(DATA FOR THIS EXERCISE begins)

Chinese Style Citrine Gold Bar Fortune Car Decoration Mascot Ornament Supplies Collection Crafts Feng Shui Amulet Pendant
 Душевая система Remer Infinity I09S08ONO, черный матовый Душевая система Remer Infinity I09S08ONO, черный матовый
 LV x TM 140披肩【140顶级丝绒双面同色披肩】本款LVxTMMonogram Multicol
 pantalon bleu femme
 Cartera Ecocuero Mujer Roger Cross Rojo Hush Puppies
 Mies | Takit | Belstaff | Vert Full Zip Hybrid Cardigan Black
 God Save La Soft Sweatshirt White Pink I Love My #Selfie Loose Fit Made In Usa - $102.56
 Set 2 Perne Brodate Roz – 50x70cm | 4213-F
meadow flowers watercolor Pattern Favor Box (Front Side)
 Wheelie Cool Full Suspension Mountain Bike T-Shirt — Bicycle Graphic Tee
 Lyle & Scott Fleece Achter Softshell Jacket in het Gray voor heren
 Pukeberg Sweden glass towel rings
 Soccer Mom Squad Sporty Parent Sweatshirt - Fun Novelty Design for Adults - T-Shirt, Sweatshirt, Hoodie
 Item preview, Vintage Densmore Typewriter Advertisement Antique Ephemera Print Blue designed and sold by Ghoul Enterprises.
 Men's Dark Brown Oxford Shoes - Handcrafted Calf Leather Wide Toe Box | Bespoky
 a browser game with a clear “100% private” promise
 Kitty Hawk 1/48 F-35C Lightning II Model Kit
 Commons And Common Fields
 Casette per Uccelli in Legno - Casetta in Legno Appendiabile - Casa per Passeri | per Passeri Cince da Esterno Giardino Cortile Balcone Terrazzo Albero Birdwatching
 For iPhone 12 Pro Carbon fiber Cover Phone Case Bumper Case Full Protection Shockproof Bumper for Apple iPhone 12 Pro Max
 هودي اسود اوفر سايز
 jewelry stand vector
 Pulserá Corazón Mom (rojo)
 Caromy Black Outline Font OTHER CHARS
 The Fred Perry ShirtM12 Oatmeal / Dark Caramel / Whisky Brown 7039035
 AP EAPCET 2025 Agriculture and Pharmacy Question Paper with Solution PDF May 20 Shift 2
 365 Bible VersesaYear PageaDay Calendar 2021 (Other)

(DATA FOR THIS EXERCISE ends)

## BRIEF
All lines from the one with "AP EAPCET 2025" to the end of the entries above are to be written out exactly, the first and last included.

## YOUR SOLUTION
 AP EAPCET 2025 Agriculture and Pharmacy Question Paper with Solution PDF May 20 Shift 2
 365 Bible VersesaYear PageaDay Calendar 2021 (Other)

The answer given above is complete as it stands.